İHSAN BEY
İHSAN BEY
Kasabanın
kuzey ucunda, az kişinin geçtiği dar bir sokakta, emekli posta memuru İhsan Bey
yaşıyordu. Her sabah yedi buçukta kalkar, eski çaydanlığını ocağa koyar, penceresinden
dışarıyı seyrederdi. Hava nasıl olursa olsun, dışarı bakmayı ihmal etmezdi.

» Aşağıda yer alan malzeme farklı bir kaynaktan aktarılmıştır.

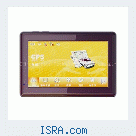 Новый GPS навигатор + 2GB Card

Kimseye özel bir ilgisi yoktu, ama sokaktan geçen ayakkabı boyacısı çocuğun
gülüşü, bakkal Rıfat’ın homurtuları, sabah ezanından sonra yürüyüşe çıkan yaşlı
kadın... Hepsi onun sessiz dünyasının parçasıydı.
İhsan Bey'in
hayatı, emekli maaşıyla ölçülü ve sessiz bir şekilde akıp giderken, bir sabah
elindeki küçük zarfa boş gözlerle baktı. Kazı kazan kartları, haftalık bir
alışkanlık olmuştu onun için; umut etmek gibi değil, vakit geçirmek gibiydi.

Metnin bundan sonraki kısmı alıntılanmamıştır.